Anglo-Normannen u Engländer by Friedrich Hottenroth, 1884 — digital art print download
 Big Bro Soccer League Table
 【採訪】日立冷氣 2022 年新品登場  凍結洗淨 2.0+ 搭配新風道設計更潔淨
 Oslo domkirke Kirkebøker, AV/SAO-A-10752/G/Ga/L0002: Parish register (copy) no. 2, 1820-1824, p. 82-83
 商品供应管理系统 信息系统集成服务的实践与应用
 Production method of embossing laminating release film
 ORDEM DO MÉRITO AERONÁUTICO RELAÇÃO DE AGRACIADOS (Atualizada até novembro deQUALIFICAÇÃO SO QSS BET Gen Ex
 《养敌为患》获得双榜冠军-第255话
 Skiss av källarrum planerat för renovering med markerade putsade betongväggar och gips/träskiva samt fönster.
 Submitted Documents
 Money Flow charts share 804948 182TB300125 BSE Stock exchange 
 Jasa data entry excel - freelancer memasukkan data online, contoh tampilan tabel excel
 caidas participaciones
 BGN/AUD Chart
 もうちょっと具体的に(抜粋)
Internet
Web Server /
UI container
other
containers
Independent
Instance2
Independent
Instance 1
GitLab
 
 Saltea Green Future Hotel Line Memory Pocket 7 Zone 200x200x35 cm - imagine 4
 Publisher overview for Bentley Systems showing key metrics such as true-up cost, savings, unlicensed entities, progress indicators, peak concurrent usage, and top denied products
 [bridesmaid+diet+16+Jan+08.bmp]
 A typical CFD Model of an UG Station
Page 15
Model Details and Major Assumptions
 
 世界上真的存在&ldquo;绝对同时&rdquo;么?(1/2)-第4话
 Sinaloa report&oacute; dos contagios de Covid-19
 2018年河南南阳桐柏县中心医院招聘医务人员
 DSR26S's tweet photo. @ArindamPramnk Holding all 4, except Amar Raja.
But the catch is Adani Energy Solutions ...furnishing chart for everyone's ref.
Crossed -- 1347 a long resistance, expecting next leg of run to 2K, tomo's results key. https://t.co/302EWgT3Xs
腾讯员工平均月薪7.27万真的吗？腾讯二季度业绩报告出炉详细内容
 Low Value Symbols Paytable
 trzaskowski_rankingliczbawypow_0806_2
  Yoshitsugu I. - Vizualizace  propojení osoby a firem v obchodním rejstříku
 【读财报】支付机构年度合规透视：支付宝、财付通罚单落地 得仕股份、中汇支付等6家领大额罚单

________________________________________

**EXERCISE DIRECTIONS:** Write out only the lines from the very start of the entries above to the line that includes "Saltea Green Future", both ends included, each one unchanged.

**SOLVED EXERCISE:**
Anglo-Normannen u Engländer by Friedrich Hottenroth, 1884 — digital art print download
 Big Bro Soccer League Table
 【採訪】日立冷氣 2022 年新品登場  凍結洗淨 2.0+ 搭配新風道設計更潔淨
 Oslo domkirke Kirkebøker, AV/SAO-A-10752/G/Ga/L0002: Parish register (copy) no. 2, 1820-1824, p. 82-83
 商品供应管理系统 信息系统集成服务的实践与应用
 Production method of embossing laminating release film
 ORDEM DO MÉRITO AERONÁUTICO RELAÇÃO DE AGRACIADOS (Atualizada até novembro deQUALIFICAÇÃO SO QSS BET Gen Ex
 《养敌为患》获得双榜冠军-第255话
 Skiss av källarrum planerat för renovering med markerade putsade betongväggar och gips/träskiva samt fönster.
 Submitted Documents
 Money Flow charts share 804948 182TB300125 BSE Stock exchange 
 Jasa data entry excel - freelancer memasukkan data online, contoh tampilan tabel excel
 caidas participaciones
 BGN/AUD Chart
 もうちょっと具体的に(抜粋)
Internet
Web Server /
UI container
other
containers
Independent
Instance2
Independent
Instance 1
GitLab
 
 Saltea Green Future Hotel Line Memory Pocket 7 Zone 200x200x35 cm - imagine 4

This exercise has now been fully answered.